When people are scared of emotions, but don’t want to feel this fear consciously, they will project onto you that you are doing something dangerous when you are simply crying, evidencing fear, obviously in pain or getting angry in ways that pose no threat to anyone. They will therefore try to interfere with you feeling, expressing and learning from your feelings. Sometimes it will be individuals that interfere, sometimes it will be social institutions, such as educational or economic structures (which may demand that you work robotically under orders) or psychiatry (which uses drugs and mental tricks to suppress emotions).

It is therefore very important for your own safety that you find a supportive space for you to express your emotions. You may ask a partner or child to be understanding while you go and have some feelings in private. You may decide to leave relationships where others are continually making you feel unsafe if you show your feelings or choose to spend time feeling them. You may choose a psychotherapist or friend who is genuinely comfortable with being with you when you are expressing emotions, and who does not to seek to interfere or ‘get you into a better space’. You will naturally get to a better space when you have felt enough feelings, and while you may sometimes feel overwhelmed by emotions, it is best to trust that your own mind/self will act for your self- preservation and work out how to balance everyday tasks with releasing your suppressed emotions.
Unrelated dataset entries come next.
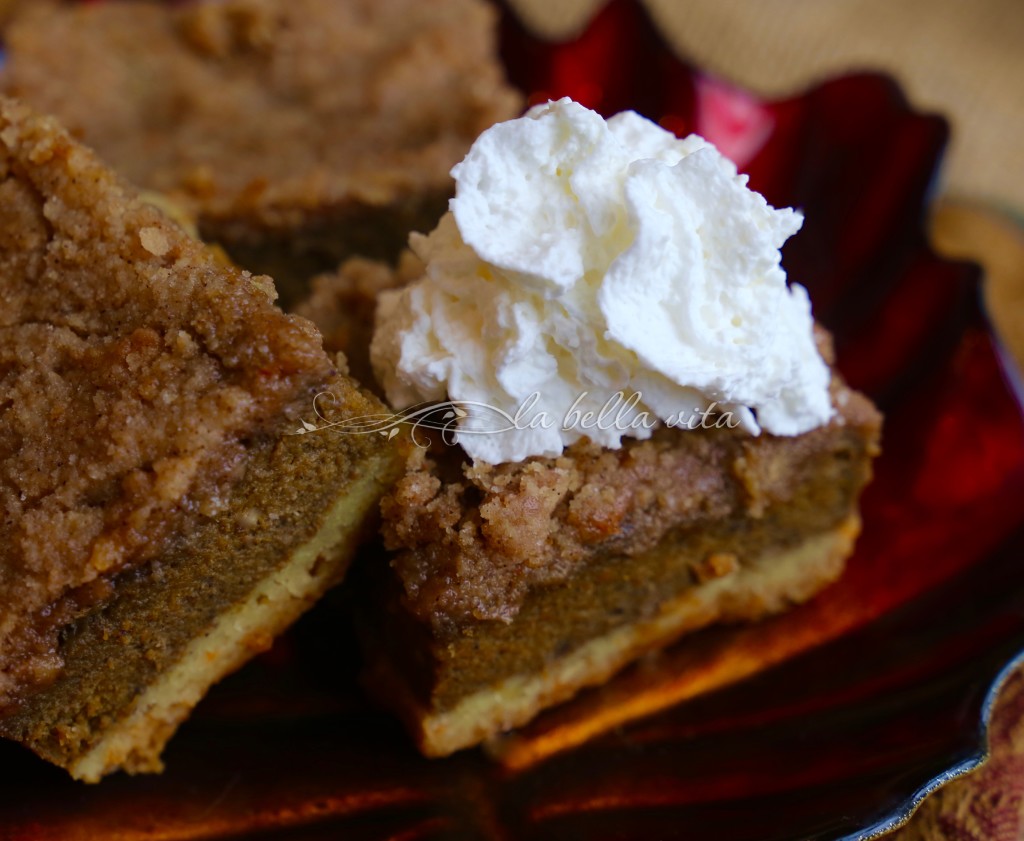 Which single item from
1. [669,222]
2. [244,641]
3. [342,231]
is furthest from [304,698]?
[669,222]

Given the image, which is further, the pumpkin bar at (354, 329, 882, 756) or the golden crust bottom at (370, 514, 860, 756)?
the golden crust bottom at (370, 514, 860, 756)

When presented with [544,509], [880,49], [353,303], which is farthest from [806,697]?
[880,49]

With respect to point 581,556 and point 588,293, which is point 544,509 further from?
point 588,293

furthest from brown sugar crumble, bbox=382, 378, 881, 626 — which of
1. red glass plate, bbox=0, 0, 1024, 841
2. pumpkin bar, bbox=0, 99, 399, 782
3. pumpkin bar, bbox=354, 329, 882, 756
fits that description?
red glass plate, bbox=0, 0, 1024, 841

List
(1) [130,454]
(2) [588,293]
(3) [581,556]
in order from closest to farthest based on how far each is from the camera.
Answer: (1) [130,454] → (2) [588,293] → (3) [581,556]

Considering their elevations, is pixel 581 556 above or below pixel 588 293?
below

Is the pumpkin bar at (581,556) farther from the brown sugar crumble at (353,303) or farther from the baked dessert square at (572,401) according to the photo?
the brown sugar crumble at (353,303)

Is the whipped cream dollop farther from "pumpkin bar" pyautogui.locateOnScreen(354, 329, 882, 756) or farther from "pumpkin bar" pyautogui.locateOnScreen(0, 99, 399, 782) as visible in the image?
"pumpkin bar" pyautogui.locateOnScreen(0, 99, 399, 782) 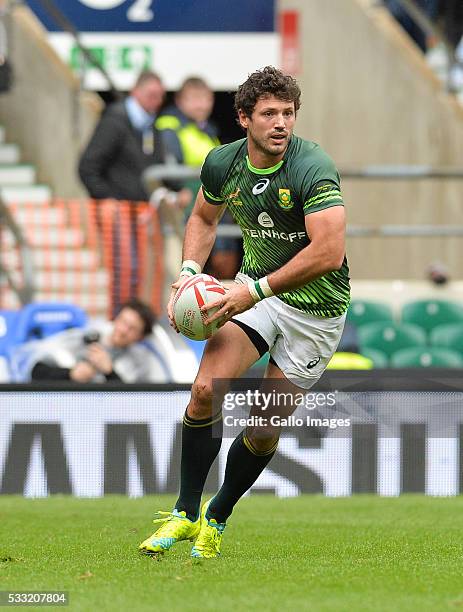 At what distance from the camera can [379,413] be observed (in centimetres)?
1009

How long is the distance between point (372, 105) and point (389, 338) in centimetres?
385

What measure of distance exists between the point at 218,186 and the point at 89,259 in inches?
243

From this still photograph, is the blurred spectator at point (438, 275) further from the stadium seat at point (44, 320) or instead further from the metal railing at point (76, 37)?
the metal railing at point (76, 37)

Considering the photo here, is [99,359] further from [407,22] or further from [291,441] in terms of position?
[407,22]

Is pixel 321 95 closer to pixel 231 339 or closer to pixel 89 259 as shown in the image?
pixel 89 259

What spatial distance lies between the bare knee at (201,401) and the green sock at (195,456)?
32 millimetres

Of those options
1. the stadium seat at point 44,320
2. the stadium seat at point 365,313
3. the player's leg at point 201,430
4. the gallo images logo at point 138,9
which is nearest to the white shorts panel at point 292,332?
the player's leg at point 201,430

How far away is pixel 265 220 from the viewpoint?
6.61 metres

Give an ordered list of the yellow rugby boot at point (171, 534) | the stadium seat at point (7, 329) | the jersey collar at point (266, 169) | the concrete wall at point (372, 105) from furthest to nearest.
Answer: the concrete wall at point (372, 105), the stadium seat at point (7, 329), the yellow rugby boot at point (171, 534), the jersey collar at point (266, 169)

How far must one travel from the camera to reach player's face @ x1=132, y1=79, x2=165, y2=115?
13227 mm

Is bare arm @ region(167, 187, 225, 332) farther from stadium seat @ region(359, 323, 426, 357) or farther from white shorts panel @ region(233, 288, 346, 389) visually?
stadium seat @ region(359, 323, 426, 357)

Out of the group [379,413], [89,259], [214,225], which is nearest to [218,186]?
[214,225]

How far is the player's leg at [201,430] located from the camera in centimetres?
661

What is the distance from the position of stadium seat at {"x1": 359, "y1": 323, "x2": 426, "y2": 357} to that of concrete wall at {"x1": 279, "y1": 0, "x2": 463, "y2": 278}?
8.46 feet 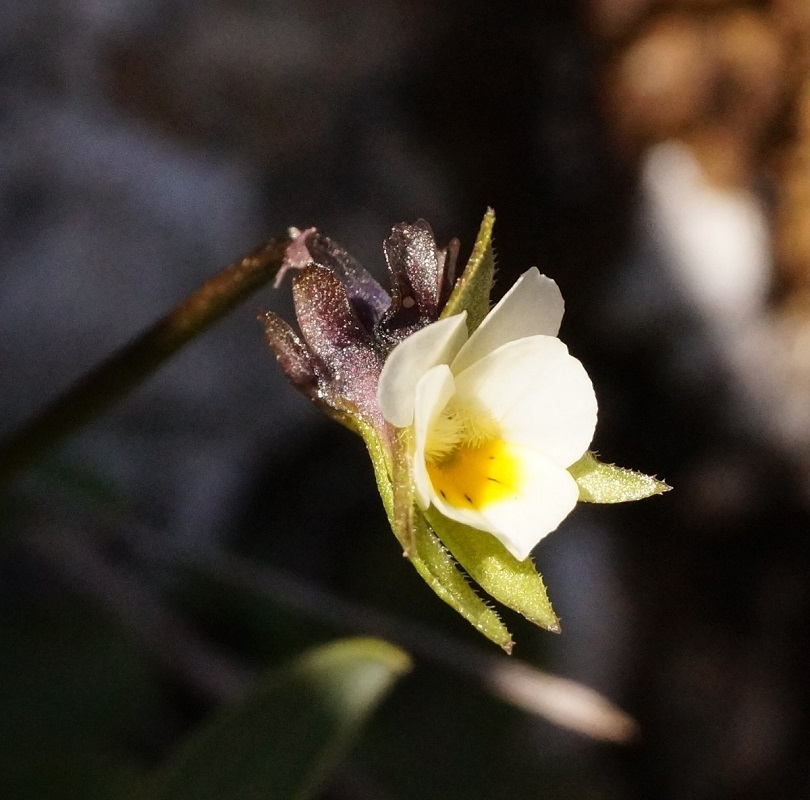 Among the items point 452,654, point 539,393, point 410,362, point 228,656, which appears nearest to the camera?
point 410,362

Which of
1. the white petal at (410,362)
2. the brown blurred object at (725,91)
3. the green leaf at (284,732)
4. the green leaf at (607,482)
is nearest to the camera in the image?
the white petal at (410,362)

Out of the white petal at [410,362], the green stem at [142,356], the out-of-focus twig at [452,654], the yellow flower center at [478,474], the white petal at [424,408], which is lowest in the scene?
the out-of-focus twig at [452,654]

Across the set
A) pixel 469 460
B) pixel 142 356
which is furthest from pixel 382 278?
pixel 469 460

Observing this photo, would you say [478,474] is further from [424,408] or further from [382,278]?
[382,278]

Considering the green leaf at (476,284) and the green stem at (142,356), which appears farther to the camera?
the green stem at (142,356)

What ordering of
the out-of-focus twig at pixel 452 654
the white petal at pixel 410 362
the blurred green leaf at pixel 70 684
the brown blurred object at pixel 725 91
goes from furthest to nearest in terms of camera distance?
the brown blurred object at pixel 725 91 < the blurred green leaf at pixel 70 684 < the out-of-focus twig at pixel 452 654 < the white petal at pixel 410 362

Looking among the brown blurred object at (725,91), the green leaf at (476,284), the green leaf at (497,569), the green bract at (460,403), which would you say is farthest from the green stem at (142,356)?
the brown blurred object at (725,91)

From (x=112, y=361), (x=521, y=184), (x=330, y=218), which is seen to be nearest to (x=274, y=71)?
(x=330, y=218)

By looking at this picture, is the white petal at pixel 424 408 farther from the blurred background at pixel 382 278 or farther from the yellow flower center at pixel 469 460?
the blurred background at pixel 382 278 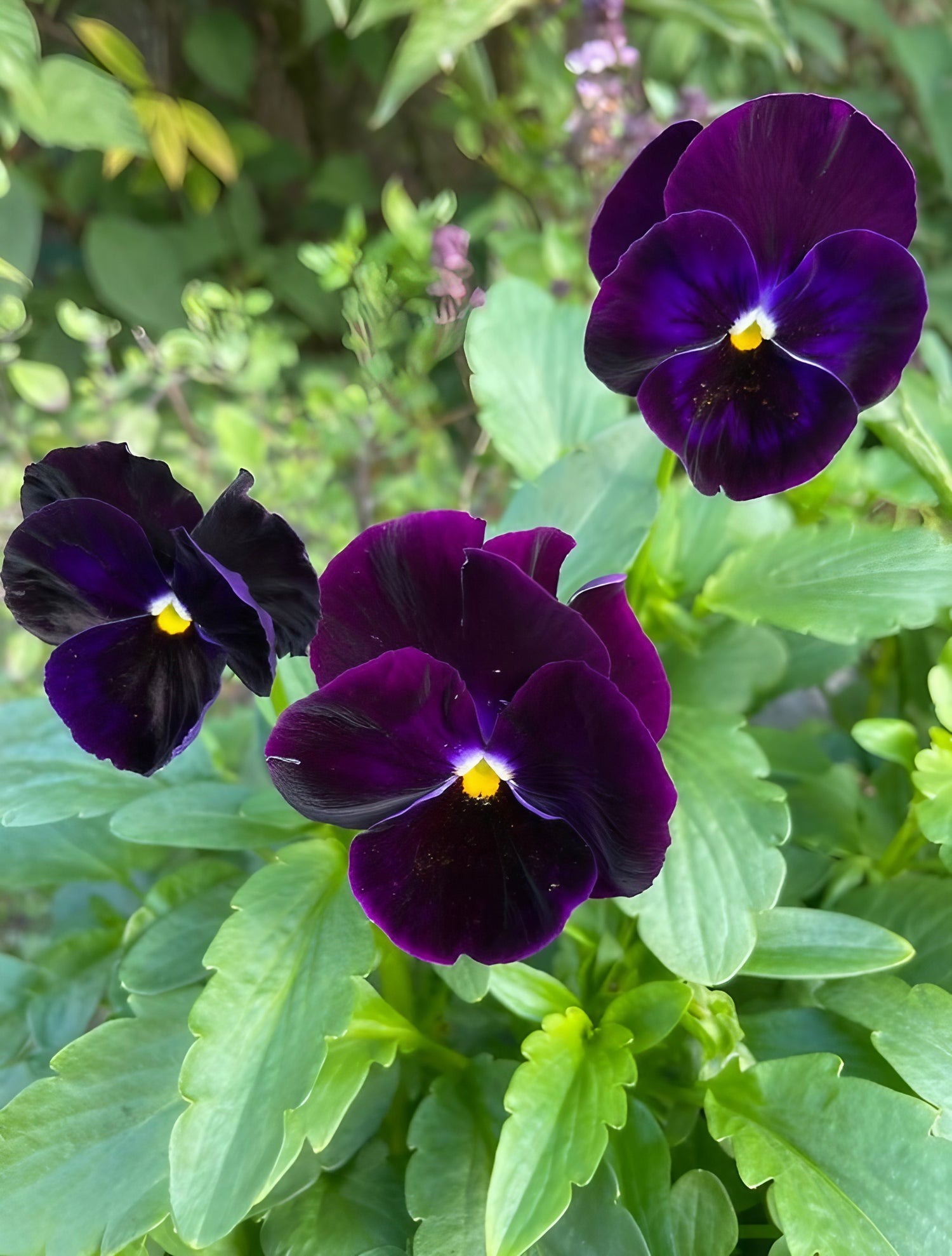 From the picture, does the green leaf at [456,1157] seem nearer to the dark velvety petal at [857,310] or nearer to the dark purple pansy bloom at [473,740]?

Far better to risk ‘overload’ than continually suppress yourself, thus increasing the internal emotional tension, and increasing the likelihood of severely negative outcomes (including illness, drug taking or physical suicide).

In summary

Emotional expression undoubtedly has some risks attached. But there are many things that you can do to make it safe. Most particularly, the more time you can spend listening to yourself in a private space (where no-one will be hurt by your own projections, and where no-one will be triggered into interfering because of their own projected fears) the better off you will be. And if you can help your children and others around you to gain a safe space for their own emotional expression, this is even better.

The more you feel, the more you give yourself the chance to heal, integrate and learn by experiencing your real life – your powerful, insightful emotions.